【12月25日 AFP】アフリカ中部で数十年前から死者を伴う短期的な流行を繰り返してきたエボラ出血熱は2014年、突如、世界規模の緊急事態を引き起こした。だが、この危機を医学史上のささいな出来事に追いやってしまおうとする科学者たちの奮闘により、流行は下り坂になりつつある。

 西アフリカの貧困地域で1人が感染したのを発端に、流行は瞬く間に都市部をのみこみ、数千人の命を奪った。恐怖の波は遠く離れた欧州や米国へも押し寄せた。

 手をこまねいていた世界保健機関(WHO)は8月になって、ようやく未承認薬などを使った試験的な治療の実施を許可。ワクチン開発が急がれる中で、既に10種類を超えるエボラ治療薬の有力候補が生まれている。

「(2015年の)3月末にかけて、こうした治療法の幾つかについて初期の臨床結果が明らかになるだろうと多くの人が期待をかけている」と、米国立アレルギー・感染症研究所(NIAID)のマイケル・クリラ(Michael Kurilla)氏は述べた。「有効性が確認できれば、そのうち幾つかを承認することが可能になる。そうすれば、エボラ出血熱の治療薬や認可された治療法が確立される」

■無関心をやめた世界

 エボラ出血熱は1976年、旧ザイール(現在のコンゴ民主共和国)で初めて診断された。2012年までに24回の流行が起き、計1590人が死亡。症状はしばしば体の内外からの大量出血を伴い、最悪の流行時には感染者の90%が死亡した。

 しかし、後天性免疫不全症候群(エイズ、HIV/AIDS)やマラリアなどと比較すると死亡例が少なく、辺境の貧困地域でしか流行していなかったことから、治療薬の研究は限定的で、それも主に生物テロを恐れる米政府が行っていた程度だった。

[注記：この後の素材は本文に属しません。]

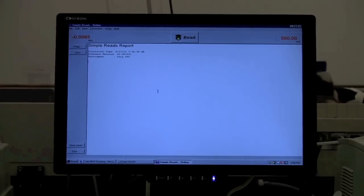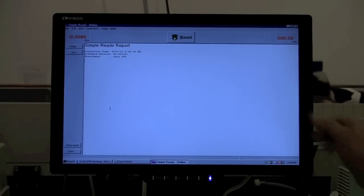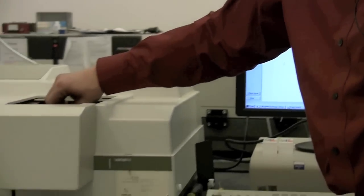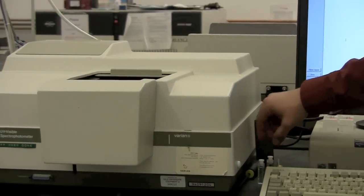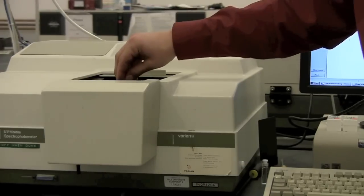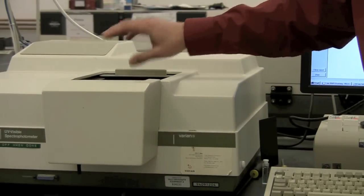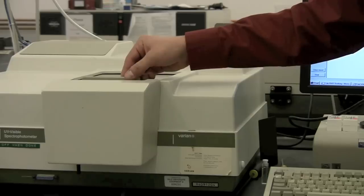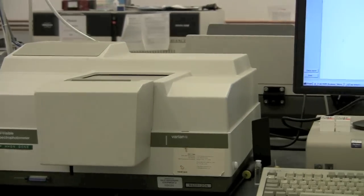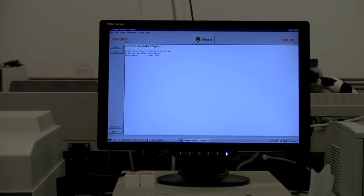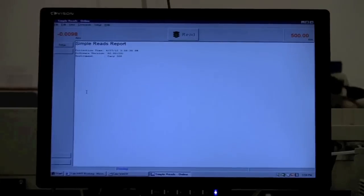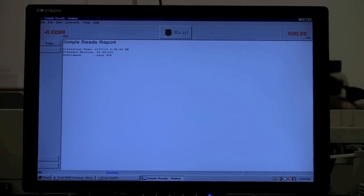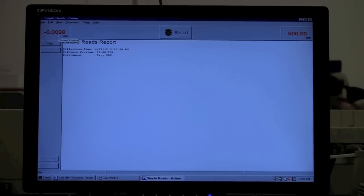So to use the Simple Reads, what you would do is you would put in your blank sample, which would either be an empty cuvette or a cuvette with the solution, but not whatever material is absorbing. So just buffer, for example. And then you can zero it. And the absorbance should go to zero.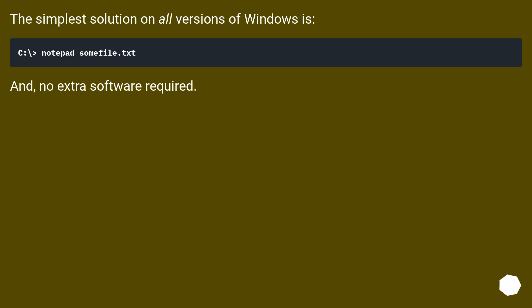The simplest solution on all versions of Windows is... and no extra software required.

 豪メルボルン大学(University of Melbourne)ドハティ感染免疫研究所(Doherty Institute for Infection and Immunity)のシャロン・ルウィン(Sharon Lewin)所長は、こう解説する。「民間セクターにとって、世界の最貧困地域でしか必要とされないだろう製品に投資し、商品化する誘因は、これまでほとんどなかった」

 ところが今年、年明けにギニアで始まった流行は西アフリカ諸国へと拡大し、さらにアフリカ以外で初の国内感染者を米国で2人、スペインで1人出した。犠牲者は6500人を超えた。各国政府が国境を閉鎖し旅客機の乗客の検査を行う中、エボラ出血熱に対する無関心は消え、製薬各社はこぞって治療法やワクチン、携行可能な早期診断キットなどを開発し始めた。